Démoniak est une nébuleuse d’artistes œuvrant dans l’anonymat et une semi-confidentialité depuis une bonne dizaine d’années, dignes héritiers d’une constellation d’auteurs inconnus ou oubliés des comix et fumetti pornographiques et iconoclastes populaires qui ont traversé le XXe siècle.
Après une longue série publiée aux éditions Frémok autour de la figure du “justicier” masqué éponyme, Démoniak s’est attaqué à diverses personnalités publiques pour une série d’outrages de premier choix dans sa série “Épisodes déclassés”, hommage appuyé aux Tijuana Bibles américaines des années 1920.
Pour ce nouveau prolongement de sa geste, les Productions Démoniak vont cette fois lorgner vers la série Eros Negro, bande dessinée pornographique de gare des années 1980, rejouant ici strictement à l’identique le fumetto d’origine.

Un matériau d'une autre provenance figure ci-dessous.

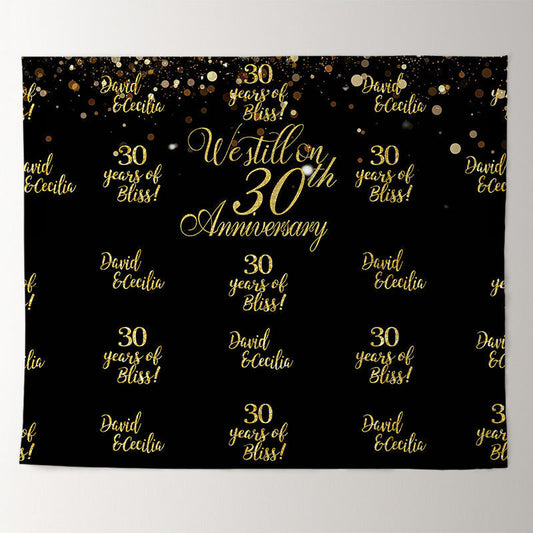 Lofaris Gold Custom Step And Repeat Anniversary Backdrop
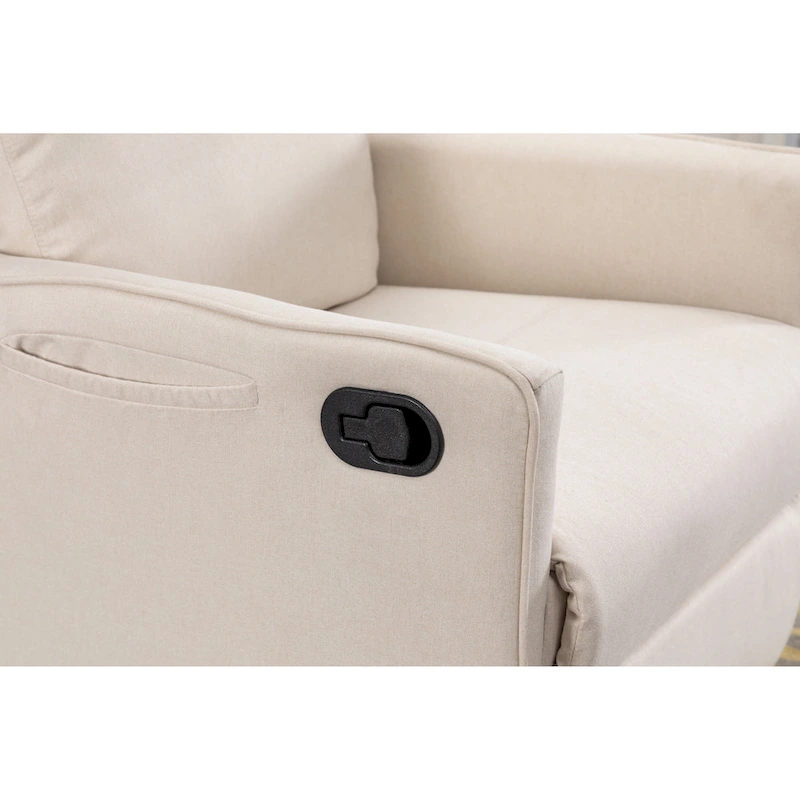 Cotton Linen Fabric Swivel Rocking Chair Glider Rocker Recliner Nursery Chair with Adjustable Back and Footrest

Et cette reprise frappe par sa singularité, questionnant l’acte même de redessiner autant qu’elle réinterroge avec pertinence — avec ses 30 ans de décalage par rapport à la publication originale — la place du Noir dans la psyché occidentale. Et c’est alors avec un à-propos des plus crus et des plus lumineux qu’Eros Negro (Jouer avec le feu) vient souligner d’un jet d’encre, de foutre et de feu, combien la culpabilité refoulée de l’héritage colonial trouve encore et toujours dans le champ du fantasme sexuel un espace propice à son expression dévoyée.